Si le « deal » est la vérité de cette administration, si seul compte l’intérêt immédiat des États-Unis, alors la cohérence apparaît plus comme une rhétorique que comme une doctrine.
Le deal est-il un art du repli ?
Si le « deal » est dominant et la cohérence stratégique une façade, alors la conclusion s’impose : Donald Trump organise le repli des États-Unis sur le continent américain, au nord comme au sud.
Les signaux d’un tel repli convergent :
Obsession pour le Canada, dont l’indépendance apparaît comme une faiblesse stratégique, obsession pour le Groenland, considéré comme une mine de terres rares et une zone de défense stratégique, obsession pour le canal de Panama, qui doit être géré par des Américains, obsession pour le Venezuela qui doit cesser de trafiquer avec la Chine et les narcos, et obsession pour Cuba, qui doit cesser d’être la plaque tournante du trafic de drogue et une épine chinoise au flanc du géant américain.
Infliger des droits de douane à tout le monde, y compris les alliés.
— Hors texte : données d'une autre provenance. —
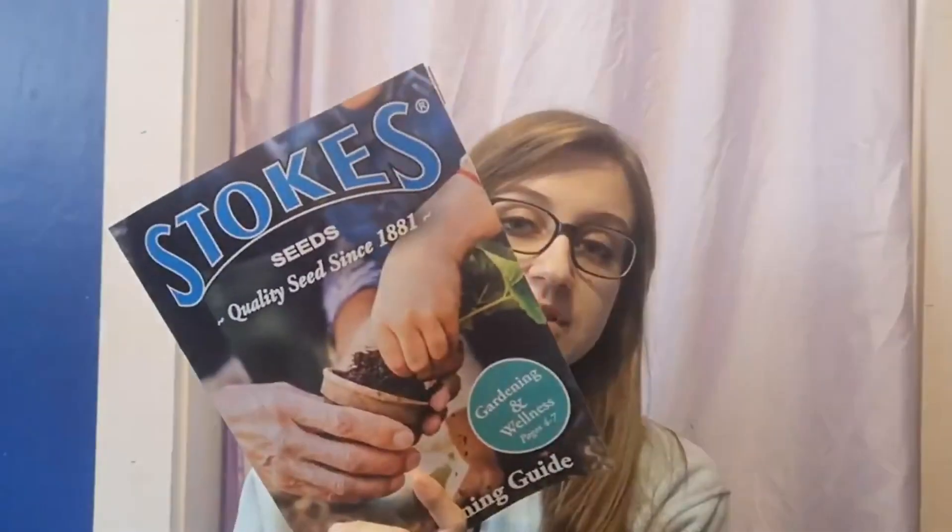I recently got all of the seed catalogs that I ordered in the mail. I went through one and made a list of all the seeds I wanted to buy — not just what I wanted, but planned it out based on the map of my garden. Afterward, I found out that came to about $250 worth of seed, which is a little outside my budget.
Menaces des Etats Unis de se retirer de l’OTAN
Et surtout, désengagement du Moyen-Orient au profit d’un « parrain » iranien pour la zone. L’accord irano-américain apparaît comme le retour du « réalignement » décrit par Michael Doran et Tony Badran, chercheurs respectivement au Hudson Institute et à la Foundation for Defense of Democracies, en 2021. Badran et Doran affirmaient qu’en signant l’accord sur le nucléaire avec l’Iran en 2015, Barack Obama avait abandonné les alliés traditionnels des États-Unis (Arabie saoudite, Égypte, Israël) pour réordonner le Moyen-Orient autour de l’Iran. Dans cette perspective, les États-Unis considéraient Téhéran comme un allié plutôt que comme un ennemi.
Trump aujourd’hui n’agit pas autrement qu’Obama. Le MoU négocié entre l’Iran et Washington fait réapparaître cette idée d’un « ordre régional stable » mais sous domination de l’Iran, dont l’impérialisme se voit légitimé. Ceux qui regimbent (Israël, les Émirats…) subissent l’« étreinte de l’ours » : des garanties américaines pour les immobiliser sous prétexte de les protéger.
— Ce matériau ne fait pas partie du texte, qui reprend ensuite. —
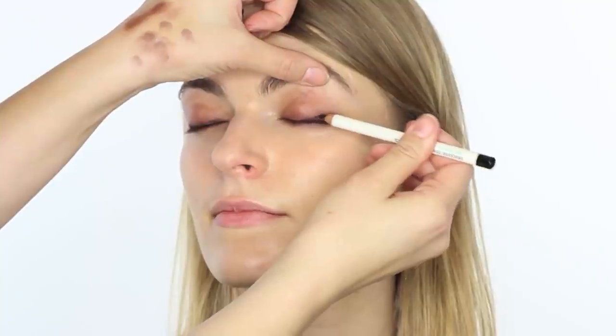I'm just smudging that in, and then I take the same pencil and run it across the top of the eye as well. Close your eyes for me, Laura — I do a little bit of that onto the top line of the lashes, and just lift the lid as you do it. Then I go back in with that little brush and buff that into the eyeshadows.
Même la confusion organisée par Donald Trump devient une méthode pour rendre le projet illisible et en faciliter l’avancement.
Telle serait la doctrine Monroe du XXIᵉ siècle : l’Amérique maîtresse de son hémisphère, et tant pis pour le reste ?
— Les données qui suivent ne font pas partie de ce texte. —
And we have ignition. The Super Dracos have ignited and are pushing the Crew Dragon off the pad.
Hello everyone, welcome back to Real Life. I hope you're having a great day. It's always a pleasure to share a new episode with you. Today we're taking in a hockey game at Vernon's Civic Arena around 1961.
Les conséquences d’une telle logique sont plus qu’inquiétantes :
- Si les États-Unis acceptent le reformatage du Moyen-Orient autour de l’Iran, que devient Israël ?
- Si les États-Unis lâchent Israël, quelles garanties offrent-ils à Taïwan ?
- Ce n’est pas un hasard si le 20 juin 2026, le Wall Street Journal a publié un article indiquant un resserrement de l’emprise chinoise sur Taiwan.
- Si l’Iran obtient un deal malgré son programme nucléaire avancé, quel message est envoyé à la Corée du Nord, et par ricochet à la Chine concernant Taïwan ?
- Le désengagement du conflit ukrainien avait déjà ébranlé la crédibilité américaine : le précédent iranien le structure comme doctrine.
Tout n’est pas encore joué.
L’accord avec l’Iran pourrait s’avérer être une ruse — faire semblant de lâcher Israël et de s’accommoder de l’Iran pour libérer Ormuz, avant de revenir à une posture plus dure ? Peu probable, mais qui sait ?
L’arrogance iranienne peut faire capoter le projet d’accord. Rendus arrogants, les Iraniens peuvent avoir des exigences qui incitent les Etats Unis à reprendre les hostilités. Le 20 juin, les Gardiens de la révolution iraniens ont refermé le détroit d’Ormuz qu’ils avaient libéré la veille parce que les hostilités ne cessaient pas contre le Hezbollah au Liban.
Le refus d’obtempérer des Israéliens. Enfin, les Israéliens peuvent également avoir intérêt à faire capoter un accord États-Unis – Iran. Le refus de se retirer du sud Liban peut être une cause d’échec du nouveau dialogue américano-iranien.
Le MoU s’est ouvert pour soixante jours qui s’annoncent plus qu’incertains. Comme nous l’avons déjà évoqué sur Substack, négocier avec l’Iran, c’est voir la guerre se poursuivre par d’autres moyens.